How 'bout Dover Sole with crawfish ettoffee topping???

----------


## MIke R

NO!!!!!!!!!!!

but do get the etouffe.....when I was working  down there I blew up from 190 lbs to 225 and it was due to all that freakin etouffe I was addicted to

----------


## Dennis

> This places looks right nice: http://www.thewildtruffle.com/wiki/Main/DinnerMenu




My co-worker and traveling companion looked at this and decided we will not be properly clothed for this august establishment.

----------


## MIke R

too bad you can't over to Avery Island and eat at the Tabasco place there...great food...

----------


## MIke R

back in the day there weren't many good choices in Lake Charles..we would keep going a little further to Lafayette where the choices were much better

----------


## Dennis

And the winner was...

Pat's of Henderson
The street name won me over... 
1500 Siebarth Drive
Lake Charles, LA 70615-6886
(337) 439-6618

----------


## amyb

Dennis, that should work. (Like me picking the Derby Winner-I go by name only).

----------


## Dennis

Excellent Chicken & Sausage Gumbo:

 

Fantastic Broiled Snapper with Crawfish etouffee:

----------


## MIke R

you're killing me...

no file gumbo???

----------


## Dennis

They had a Special Platter" that included file gumbo, crayfish pie and a bunch of other stuff but it was way too much food.

My meal came with two sides and a salad.
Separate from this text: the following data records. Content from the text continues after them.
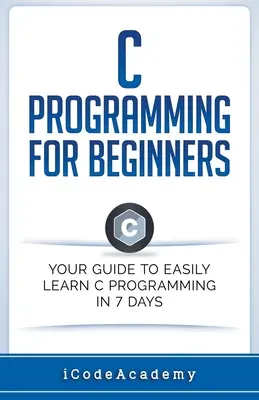 C programozás kezdőknek: Útmutató a C programozás 7 nap alatt történő könnyű elsajátításához - C Programming for Beginners: Your Guide to Easily Learn C Programming In 7 Days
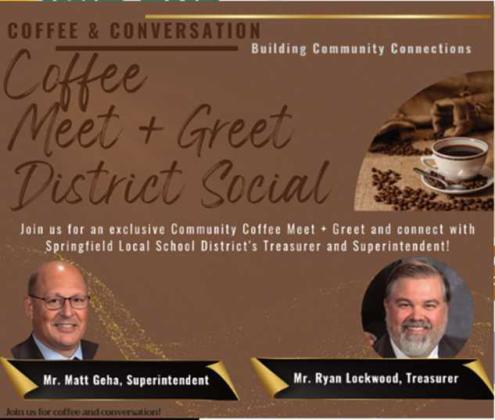 Springfield Local School District Superintendent Matt Geha and Treasurer Ryan Lockwood will host a meet and greet on Wednesday, January 29, from 8 to 9 a.m., at 6900 Hall Street, Holland.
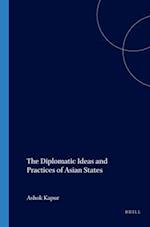 The Diplomatic Ideas and Practices of Asian States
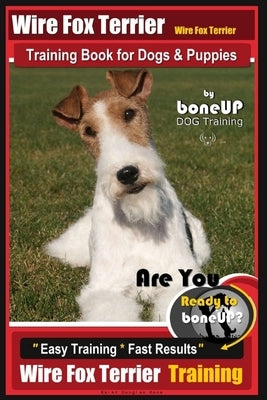 Wire fox Terrier, Wire Fox Terrier Training Book for Dogs & Puppies By BoneUP DOG: Are You Ready to Bone Up? Easy Training * Fast Results Wire fox Ter by Kane, Karen Douglas
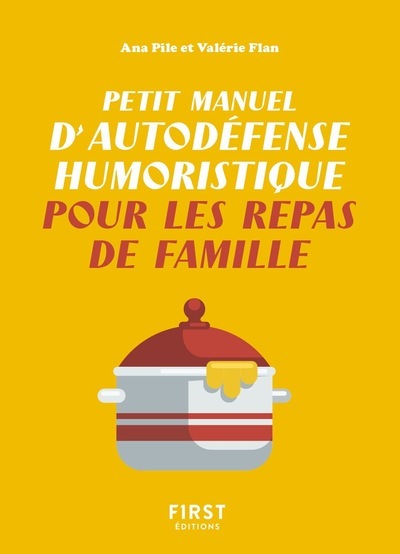 PETIT MANUEL D´AUTODEFENSE HUMORISTIQUE POUR LES REPAS DE FAMILLE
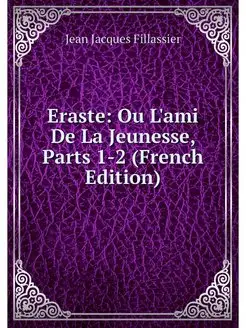 Eraste Ou L'ami De La Jeunesse, Part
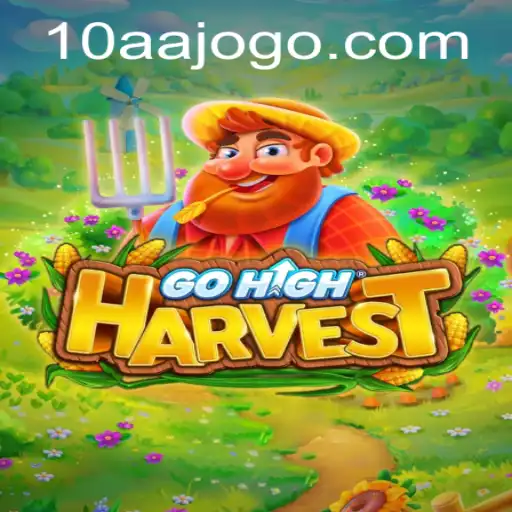 Explorando o Mundo de GoHighHarvest: O Novo Fenômeno AAJOGO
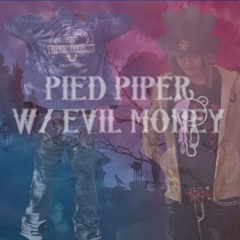 PIED PIPER W/ EVIL MONEY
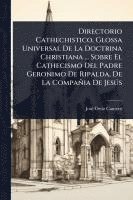 bokomslag Directorio Cathechistico, Glossa Universal De La Doctrina Christiana ... Sobre El Cathecismo Del Padre Geronimo De Ripalda, De La Compañia De JesÃ°s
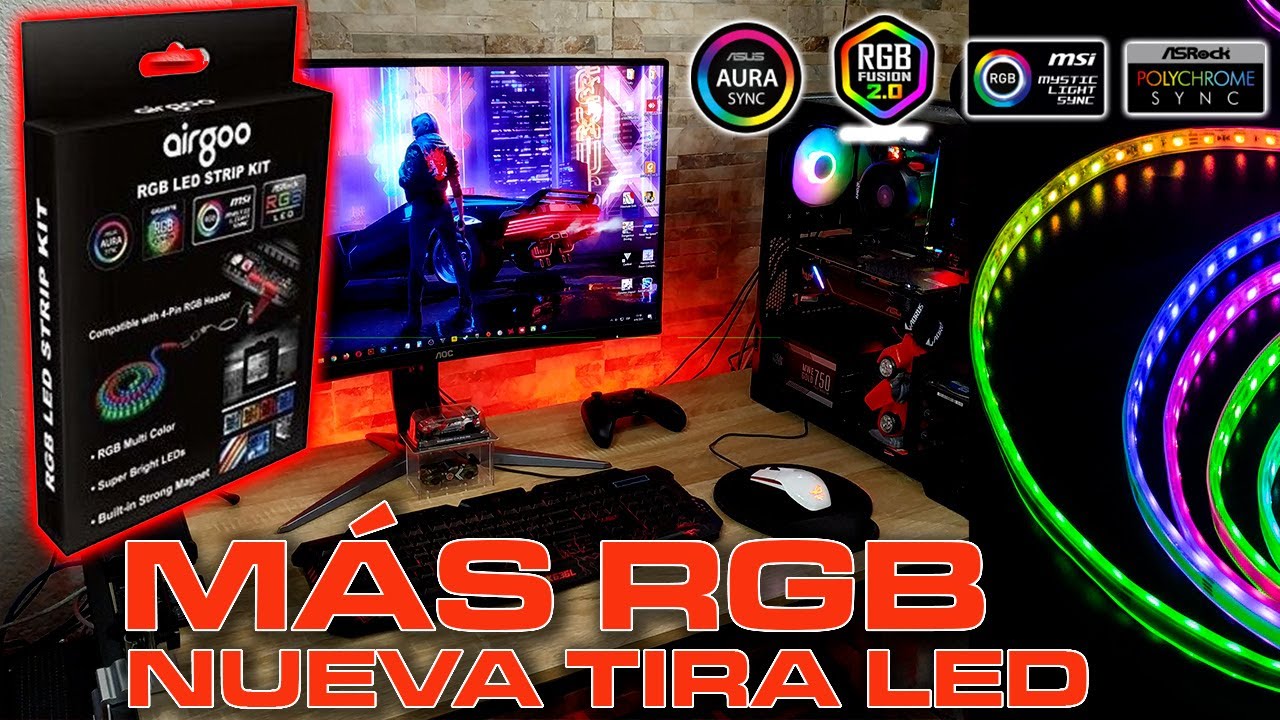 Tira Led RGB Airgoo, ASUS Aura RGB, MSI Mystic Light, ASROCK Aura RGB, Gigabyte RGB Fusión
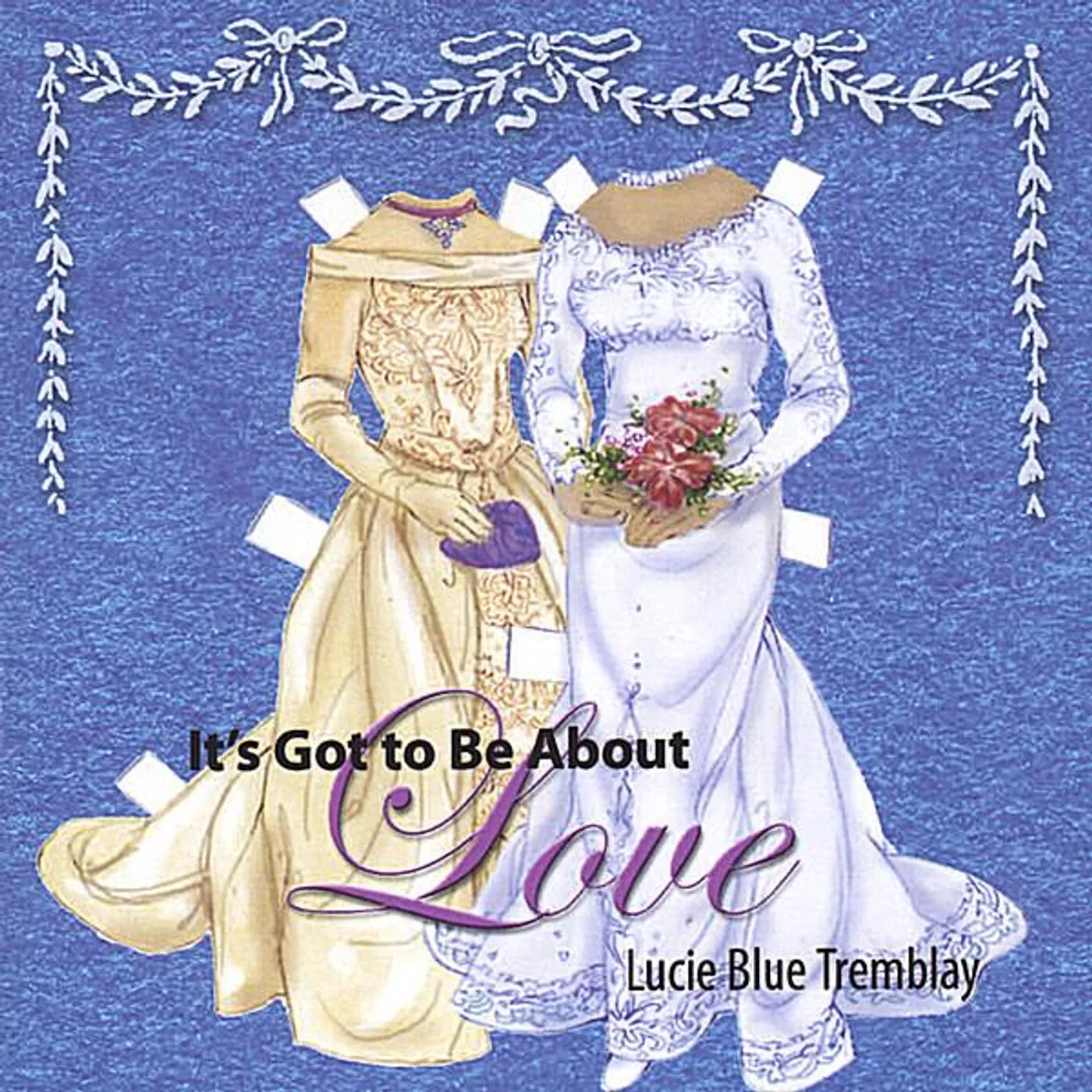 Lucie Blue Tremblay ITS GOT TO BE ABOUT LOVE CD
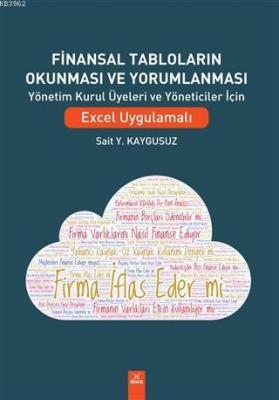 Finansal Tabloların Okunması ve Yorumlanması Sait Y. Kaygusuz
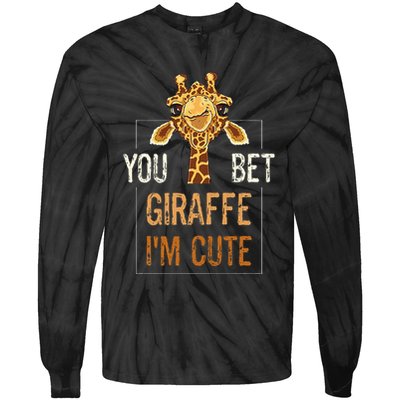 Cute Sarcastic Giraffe Animal Lover You Bet Giraffe IM Cute Tie-Dye Long Sleeve Shirt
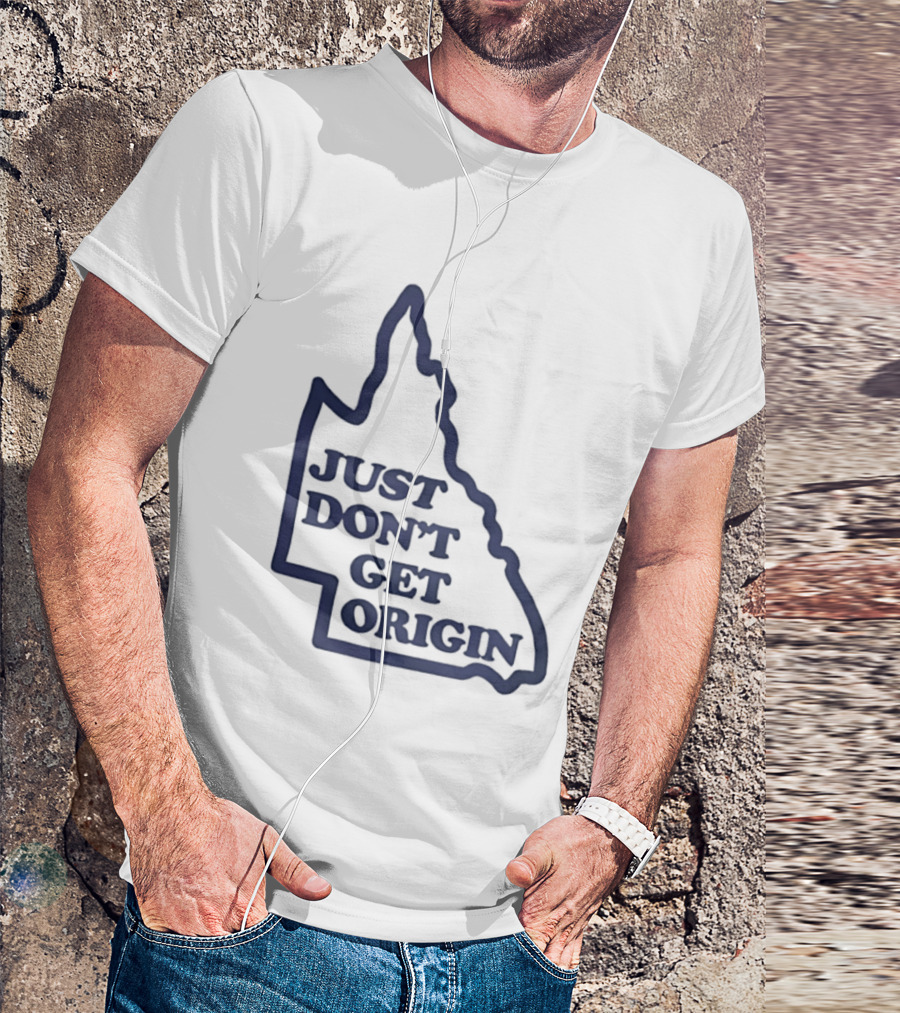Queensland Australia State Of Origin Just Don't Get Origin Rugby League T-Shirt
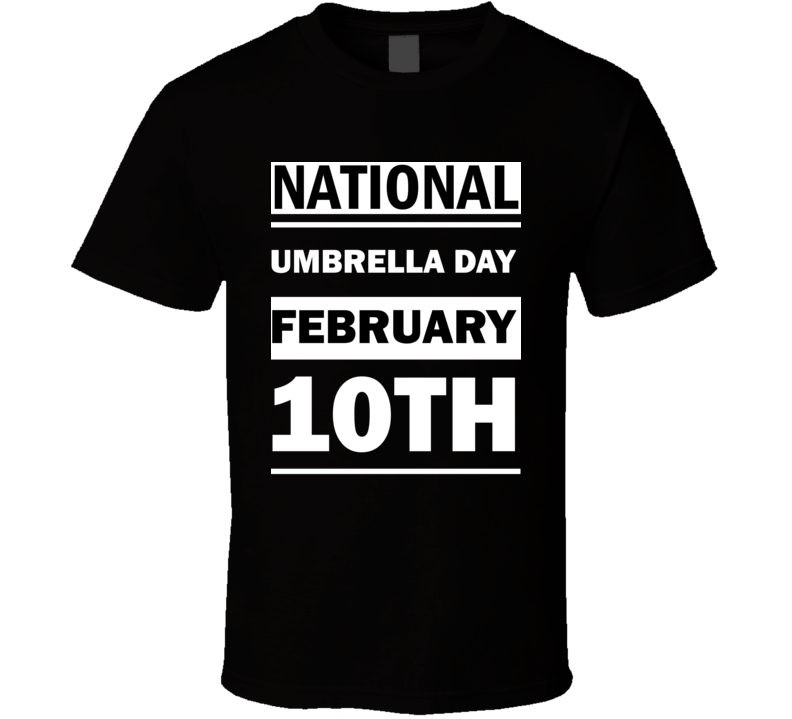 National Umbrella DAY February 10th Calendar Day Shirt National Umbrella DAY February 10th Calendar Day Shirt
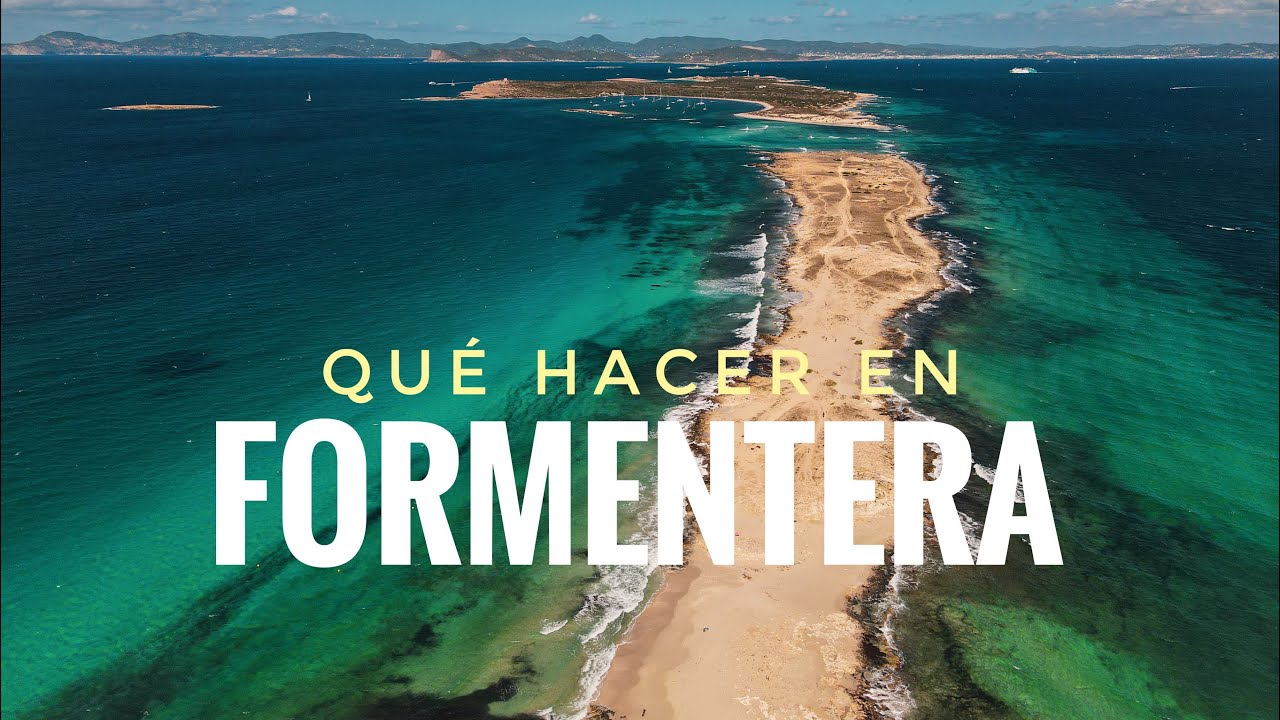 FORMENTERA ESPAÑA : el destino vacacional más deseado 🏖️ Guia de Formentera 4K 🏝️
I had a half dozen oysters before dinner at the bar and a few Abita Amber's so I was about to burst and had to turn down the pecan pie...urp!

Stayed at the L'Auberge du Lac Casino Resort? and managed to grab $75.00 from the BJ tables (cue the jokes). Beautiful place.

Then spent Wednesday morning at the Citgo refinery. Lovely!

----------


## JEK

Did you get an iPad?

----------


## Dennis

I'm not sure that part of the world knows what an iPad is yet.

----------


## JEK

Fine lookin' brown.

----------


## Dennis

My co-worker wrangled a Mustang convertable from Hertz for no upcharge. It was great as we had to drive from Baton Rouge to Lake Charles on Tuesday afternoon then back Wednesday afternoon.

I thought this was awesome until I got to BTR and saw my mug in the mirror.

I look like a boiled crayfish!

----------


## amyb

But think, Dennis-  you have a great jump on a summer tan.

----------


## Dennis

Or a great conversation starter tonight as I attend a networking event filled with hundreds of bankers and lawyers.

My forehead looks like that Euro volcano.

----------


## MIke R

OMG that menu special sounds amazing!!!.......

----------


## JEK

> My forehead looks like that Euro volcano.



  My name is Dennis and I is a hard worker.

----------